Cloud-native applications defined
Cloud-native applications are a collection of small scope, independent, and loosely coupled services with strong API contracts, built on a foundation of virtualized, commodity servers.
They are specifically (re)designed to fully exploit containerized deployment on distributed IaaS, PaaS, and FaaS environments, and are supported by Agile, DevOps, and CI/CD processes and methodologies.
As stated in the cloud-maturity model, monoliths can run on the cloud, but generally are not considered cloud-native applications as they have more internal interdependencies, resulting in:
- Slow deployment of new features, and reduced change velocity
- Inability to use multiple versions of the same foundation libraries within the app
- Slower regression testing / testing cycles due to a larger code surface area
- No componentization for independent deployment or scaling
For this reason, today, many early-stage (monolithic) applications are being designed as modular monoliths. This additional design effort is merited when there is a reasonable chance those applications will have large code bases, with multiple developers participating concurrently.
So, what specifically qualifies an application or service to be considered “cloud native”? They generally use most of Heroku’s 12 factors and/or new factors that have emerged in the industry, resulting in qualities like:
- Stateless (state is explicitly managed elsewhere)
- Uses lightweight virtualization (Linux containers)
- Service oriented, or microservice architecture, or a cloud function
- Focused on API contracts, allowing flexible (re)implementation
- Deployed to software-defined, elastic virtual infrastructure (IaaS, PaaS, FaaS)
- Highly available, fault tolerant, and self-healing, at least at the IaaS level if not higher
- Managed via Agile, DevOps, and CI/CD processes
- Often dynamically configured and discovered at runtime
- Observable: participates or emits centralized log/metric streaming, APM, tracing
- Run on immutable infrastructure that can be started, stopped, scaled, etc. at any time
However, these 12 factors are a bit dated today.

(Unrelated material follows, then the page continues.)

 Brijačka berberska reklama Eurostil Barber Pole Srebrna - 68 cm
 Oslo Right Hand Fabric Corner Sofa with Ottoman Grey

Some modern databases, datastores, and caching technology have emerged that are cloud native. We can also define cloud-native applications or services in terms of what they are not, including:
- App state or data in-process that is not cluster/network aware or sharded/replicated
- Long running, non-disposable, virtualized instances, or servers directly tied to hardware
- Monolithic architecture, not decomposed into separate units of scale or manageability
- Not comprised of contract-first APIs—tightly coupled components
- Tightly coupled to an individual operating system, not designed for virtualization
- Only fault tolerant at the OS level, if at all, no app level fault tolerance
- Waterfall, ITSM/ITIL and manual release management
- Config and routing/discovery at compile time, declared statically
- Non-aggregated logs/metric streams requiring SSHing into an individual VM to access
- Dependent on a specific server’s OS/configuration, whether virtualized or not
Clarifying cloud-native vs. cloud-based application development
Cloud native is the ultimate expression and union of organizational structure, processes, designs, and techniques used specifically to exploit distributed, service-oriented cloud architecture. There are waypoints on an application’s construction (or migration) journey where incremental value can be achieved—they are the stages of a cloud-native maturity model.
A cloud-enabled application is best summarized as a traditionally built monolithic application, likely with no internal domain-driven design. It has been minimally (re)designed to exploit the cloud. A good way to illustrate their technical differences with cloud-native applications is to examine what would need to be done to redesign such a traditional monolithic, an application not intended for deployment on a virtual machine or container.
Industries that rely on cloud-native applications
Media, telco, finance, high tech, government, healthcare, retail…the list goes on. You’ll find cloud-native applications anywhere medium-to-large scale businesses are going through digital transformation. Digital transformation and differentiation is not achieved by using the same software as others. It’s achieved by creating novel software that reflects your organization’s unique competence and value. This endeavor often involves large, custom codebases worked on concurrently by many people.
Of course, not every system or application an organization develops merits the level of investment to make it fully cloud native. Yet, it certainly has become popular for systems of customer engagement, as well as serving other national or global-scale business operations. Let’s look at a couple of examples.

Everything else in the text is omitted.